Morrissey didn’t sell out the Garden, but the venue was mostly full. He still has a devoted fan base diverse in age, nationality, and sexuality, and, at 56, he’s singing better than ever, with more power and greater technique than in his youth. He also was in good spirits, alluding to the week’s Supreme Court same-sex marriage ruling: “It’s an historic week in the United States. Good times for a change”.

You would think, though, that someone who has been performing as long as Morrissey has would know how to pace a show. At the Garden, the many slow and mid-tempo numbers tended to bleed into each other, inducing tedium. An audience that had been fired up when the show started became progressively less enthusiastic as the set wore on. Morrissey could have mixed well-known and much-loved songs, from the Smiths’ and his solo catalog, with the newer and less familiar tracks. Since he has yet to find a melodist as good as his old Smiths compere Johnny Marr, we heard too many plodding tuneless ones.

(These days, if you want to hear Smiths classics, you’re better off with Marr, who peppers his sets with them. At a New York show earlier this year, he and his excellent band played six, including a “How Soon Is Now?” that brought the house down.)

The show did surprise by being intensely political; from the pre-set video projections to the song selections and the videos that accompanied them, Morrissey pulled no punches when it came to his views. Before he and the band appeared, a video montage featured early ’60s homoerotic iconography (pretty, butch boxers), scenes from the 1977 miners’ strike in Britain, Morrissey’s “tribute” to a certain deceased female prime minister (“Margaret Thatcher is dead — LOL”), concluding with the great drag artist Lypsinka miming to a woman’s screams.

The videos during the show, though, were disturbing — scenes of horrific police violence against people and animals for “Ganglord” and later, a compilation of slaughterhouse scenes for “Meat Is Murder”. The images in the latter video were so ghastly that audience members looked away, stared intently at their phones, or left the room (perhaps to buy one of the vegan snacks sold by the Garden’s concessions that night, at Morrissey’s request). After four-minutes-plus of animals being stunned, slashed, and hacked to pieces, the video concluded with a challenge: “Now that you know, what’s your excuse?”

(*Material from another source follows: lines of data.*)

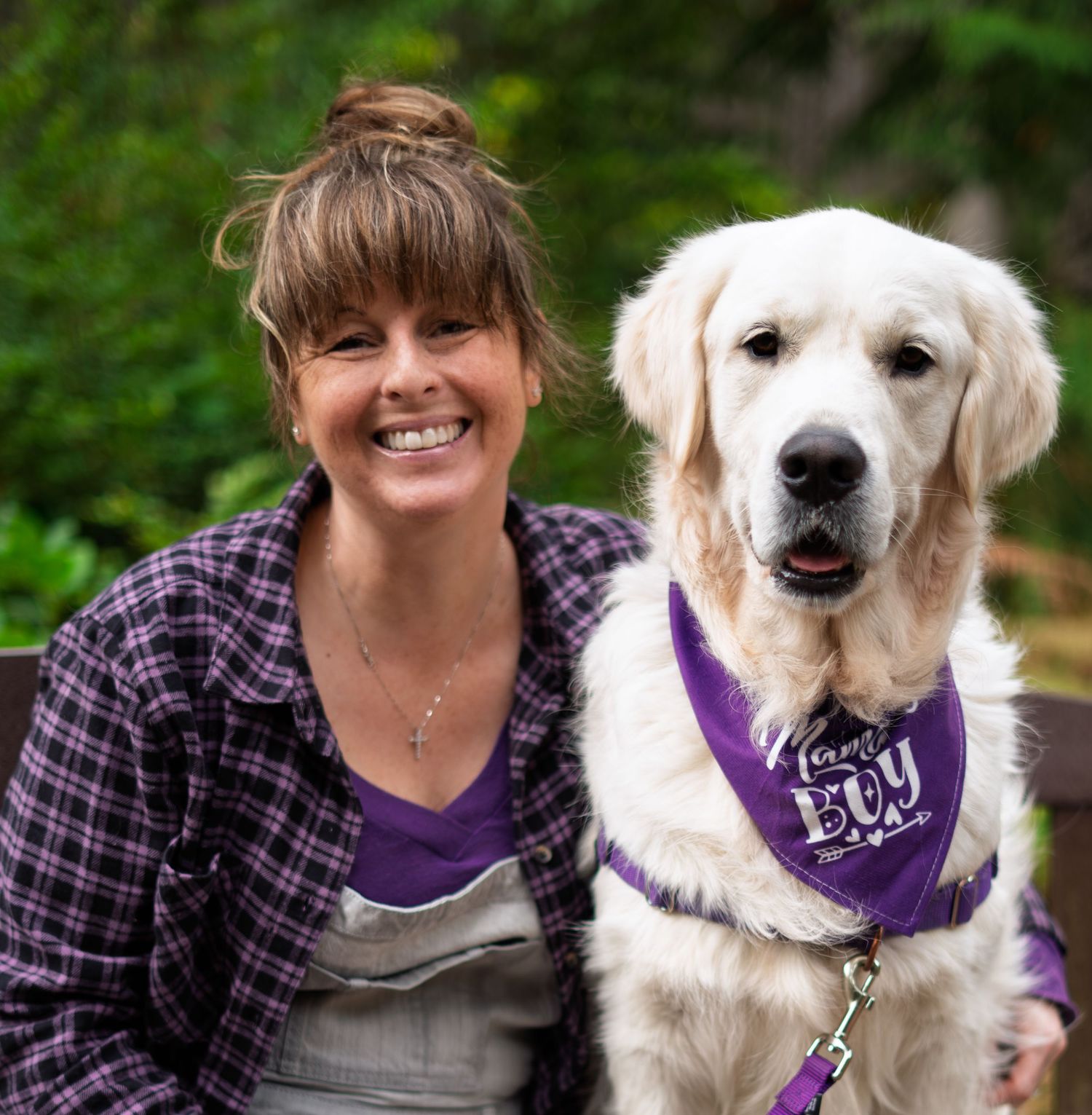 A smiling woman in a purple shirt poses with a white Golden Retriever wearing a purple bandana outdoors.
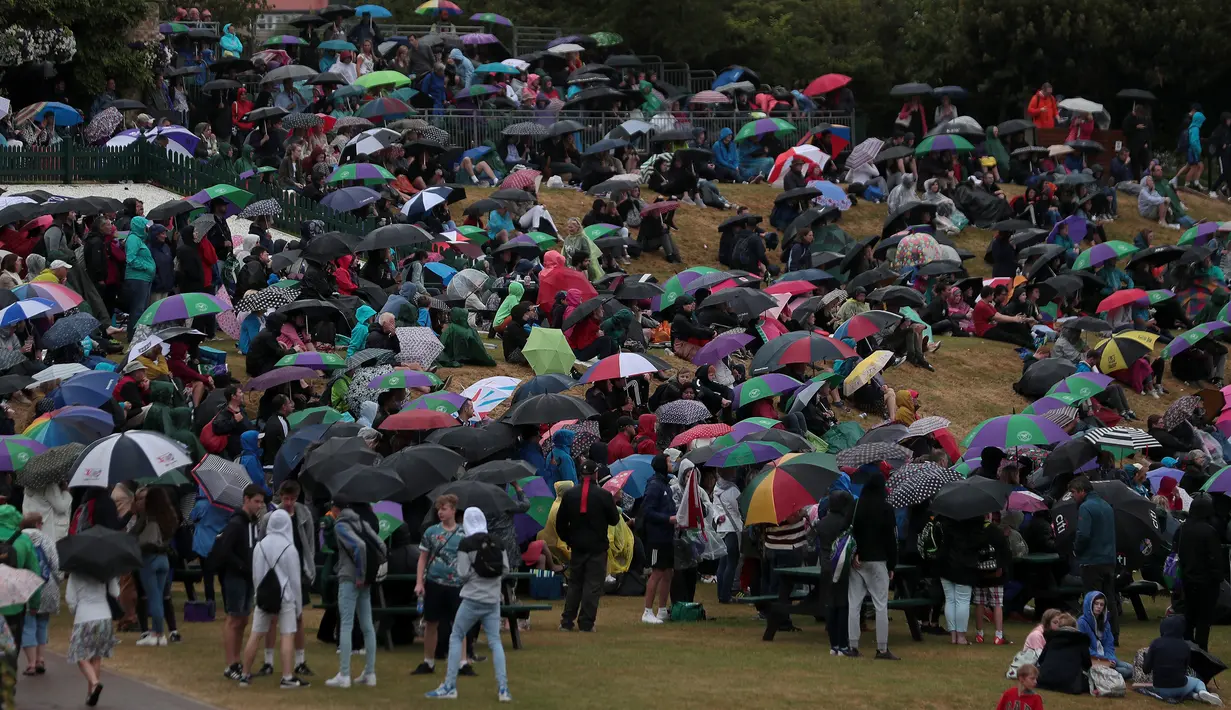 Para penonton memakai payung saat mereka menyaksikan kejuaraan tenis Wimbledon 2017 di The All England Lawn Tennis Club, London (11/7). Walaupun Hujan, Para penonton tetap antusias untuk menyaksikan idolanya bertanding . (AFP Photo/Daniel Leal Olivas)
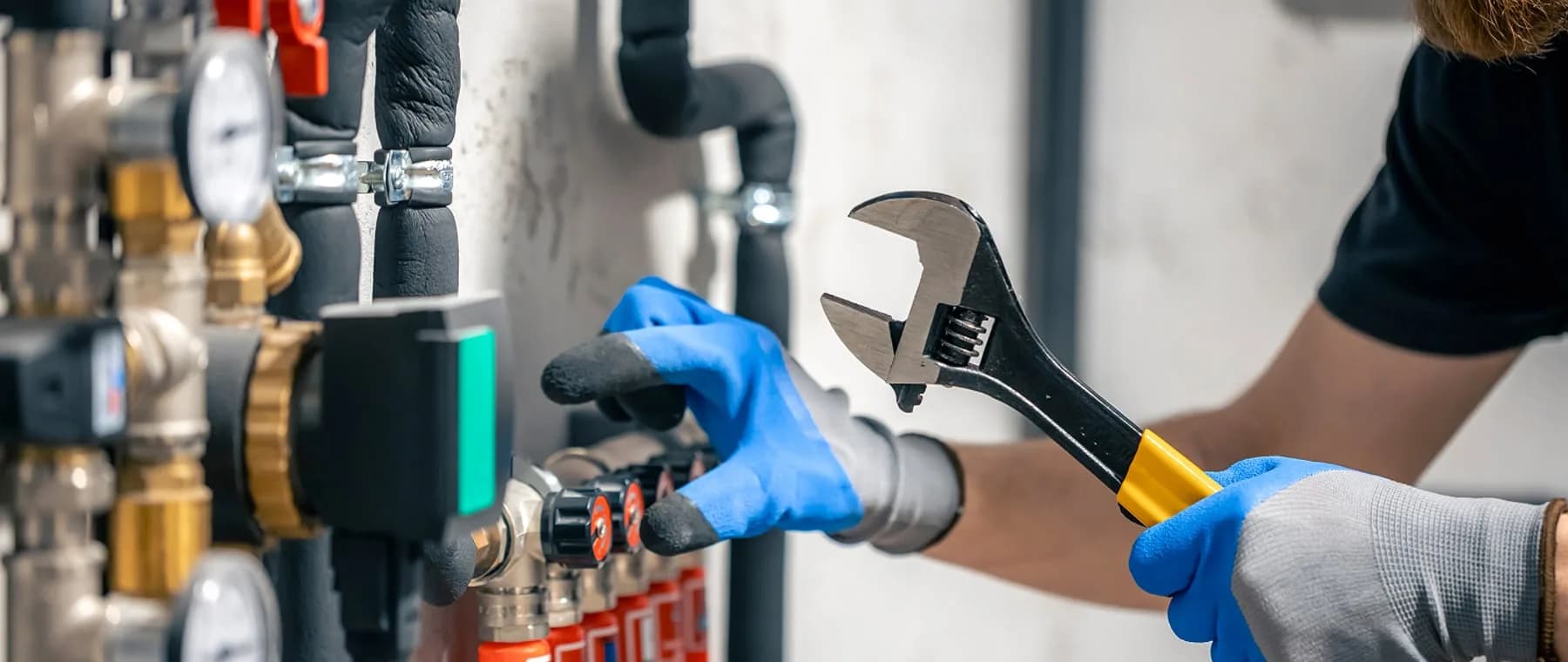 Mains gantées serrant un raccord avec une clé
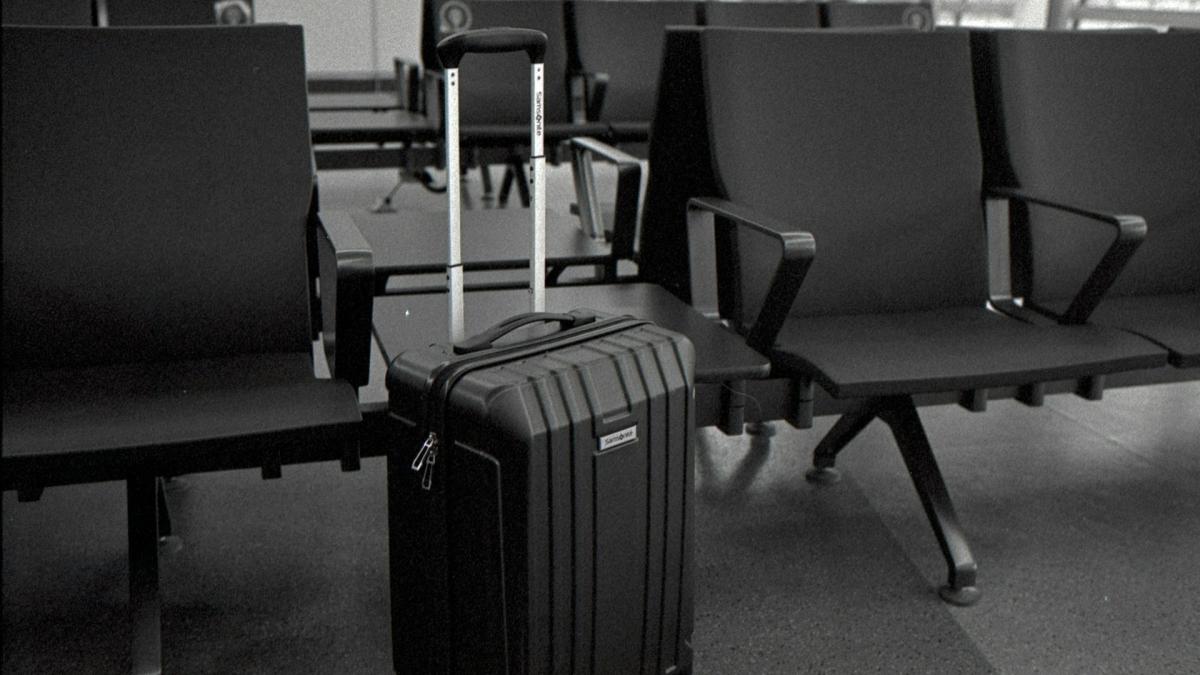 Чемодан на колесиках в зале аэропорта (крупный план)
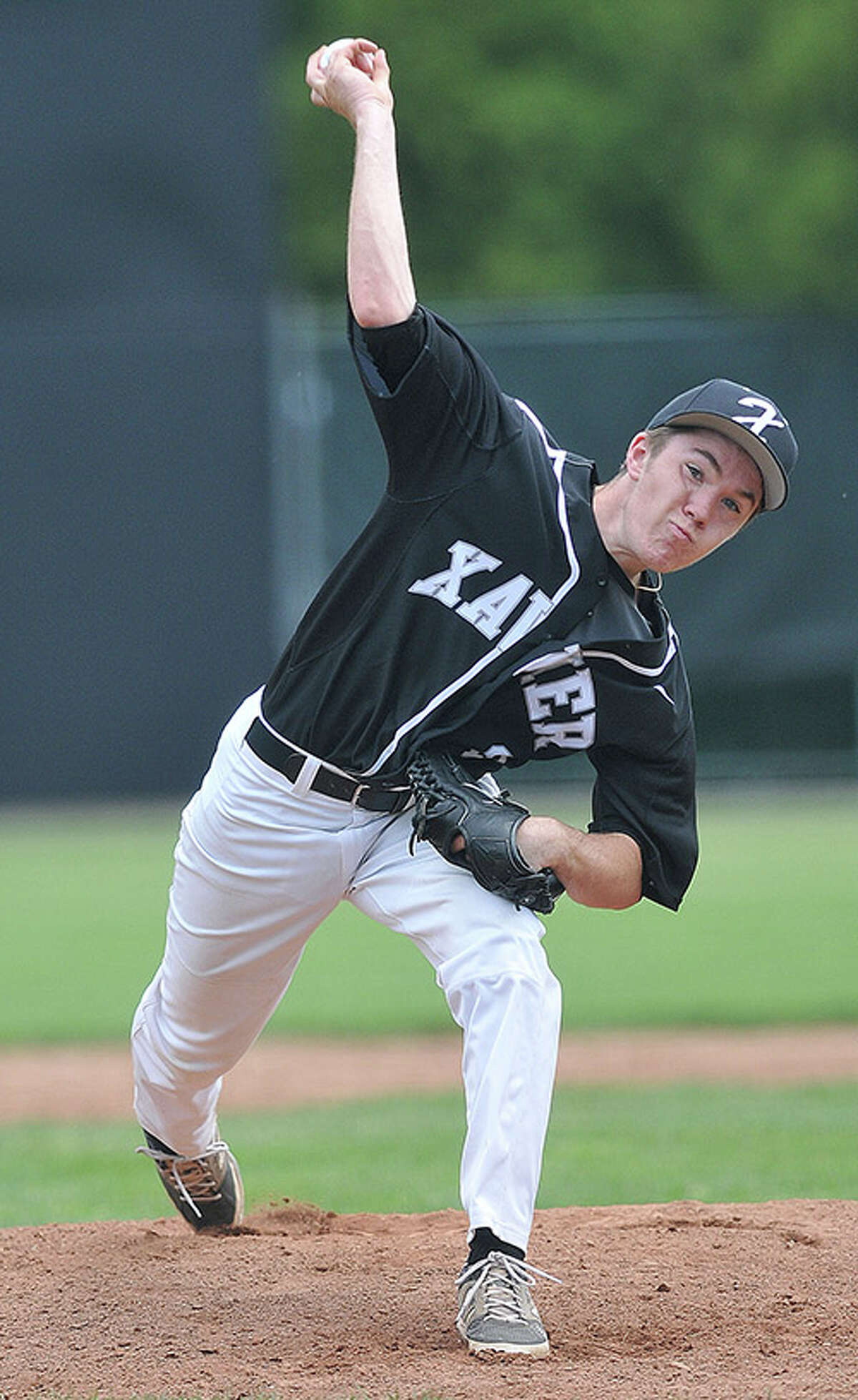 Xavier’s Kyle Wollman delivers in the 6th inning against Amity Regional during the SCC Championship at Yale Field. (Peter Casolino-New Haven Register)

Morrissey’s commitment to veganism and animal rights is admirable, but the anti-meat video pretty much killed the show, even though there were a few more numbers to come. That, and the fact that “Meat Is Murder” is a lousy song, one of the worst in the Smiths’ repertoire, a droning dirge that defeats its own purpose by being so unlistenable.

The show ended with “Now My Heart Is Full”, from the album Vauxhall and I . Morrissey sang it with full-throated passion, and at the end, he ripped off his shirt and tossed it into the crowd. (His middle-aged torso is buff, but appears to be devoid of the hair he once proudly displayed.) A nice moment, but it couldn’t lift the pall that descended with “Meat Is Murder”.

For sheer pleasure, though, you couldn’t beat the opening act, Blondie. Their too-short set was all hits, and the band delivered them with power and precision, driven by one of the greatest drummers in the history of rock, Clem Burke. Debbie Harry, a bit more zaftig than in years past, was in excellent voice, and she plainly was having a great time. Her song intros often were delightful – setting up one of the band’s biggest hits, she said, “If tomorrow you don’t know how to find the Pride parade, just … call me!” The set’s closer was a joyous “The Tide Is High”, the reggae number by the Paragons that Blondie covered in 1980, with a brass band joining the sextet and Harry draped in a rainbow flag.

The punk icon, who turns 70 this year, could teach the headliner a lot, especially how to make your worldview and aesthetic entertaining, instead of off-putting.